The Federal Reserve of the United States (Fed) released the minutes of its January monetary policy meeting today. Most officials pointed out the “risk of excessive rate cuts” and planned to proceed cautiously with interest rate cuts. At the same time, officials also indicated that they are considering the appropriate time to start slowing down the balance sheet reduction.
According to CNBC and Reuters, most Fed officials at the meeting in late January “highlighted the risk of a too-easy policy stance and emphasized the importance of carefully assessing the data to judge if inflation rates will continue to decline to the 2% target,” and “participants emphasized the uncertainty about how long the restrictive policy stance needed to be maintained in order to return inflation to the 2% target.”
It is worth noting that only a few officials pointed out that “waiting too long for rate cuts” could pose downside risks to the economy, and they do not seem to be concerned about the potential negative impact of maintaining high interest rates. The minutes also mentioned that officials judged that interest rates may have peaked but that it is not yet time to lower them.
According to Bloomberg, Michelle Bowman, a usually more hawkish Fed governor, publicly stated on Wednesday that the current economic environment is not sufficient to warrant a rate cut. As for when a rate cut might be initiated, Bowman responded, “Certainly not now.”
Furthermore, in the previous month’s meeting, most officials expressed an optimistic and cautious stance on the prospects of lower inflation, believing that the risks of inflation rebounding have diminished. They stated that “rental prices declining, labor supply improving, and productivity increasing could all contribute to further slowing of inflation this year.” However, some officials also mentioned that the risks of higher inflation still exist, and they are “closely monitoring” the risk of inflation rebounding, noting that “momentum in overall demand might be stronger than currently assessed, particularly considering the remarkable resilience of consumer spending last year.”

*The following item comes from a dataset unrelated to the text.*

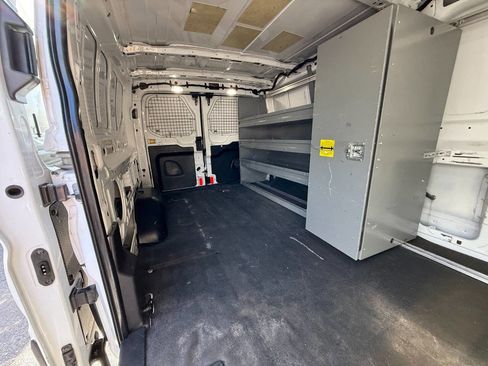Used 2018 Ford Transit 250 148 Low Roof image 10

Simultaneously, the minutes also indicated that Fed officials are considering starting to slow down the pace of balance sheet reduction. Balance sheet reduction is the second monetary tightening tool used by the Fed, in addition to rate hikes. The detailed operation involves the Fed reducing holdings of U.S. Treasury bonds, agency debt, and mortgage-backed securities (MBS) to shrink its balance sheet and withdraw the liquidity released into the market during the pandemic.
However, officials want to proceed cautiously with the timing of slowing down the balance sheet reduction, fearing potential disruptions to the financial markets. They decided to start a more in-depth discussion on the issue at the March meeting.
After the release of the January meeting minutes, the market’s reaction was relatively muted, with mixed fluctuations in U.S. stocks and a slight increase in the two-year Treasury yield.
The Dow Jones Industrial Average rose 48.44 points or 0.13%, closing at 38,612.24 points.
The NASDAQ fell 49.91 points or 0.32%, closing at 15,580.87 points.
The S&P 500 rose 6.29 points or 0.13%, closing at 4,981.80 points.
The Philadelphia Semiconductor Index fell 10.51 points or 0.24%, closing at 4,446.36 points.
The market’s expectations for the pace of rate cuts by the Fed this year have remained almost unchanged. The CME Group’s Fed Watch tool indicates that traders expect a slightly over 50% probability of the Fed initiating a rate cut of 25 basis points in June, and the number of rate cuts within 2024 has decreased from an initial estimate of 6 to the current 4. The Fed’s dot plot in December indicated that there would be 3 rate cuts this year.
As for Bitcoin, its price continued to fluctuate after hitting a daily low of $50,625 last night. It rebounded over 2.5% this morning, reaching a high of $51,950. As of the deadline, it was reported at $51,803.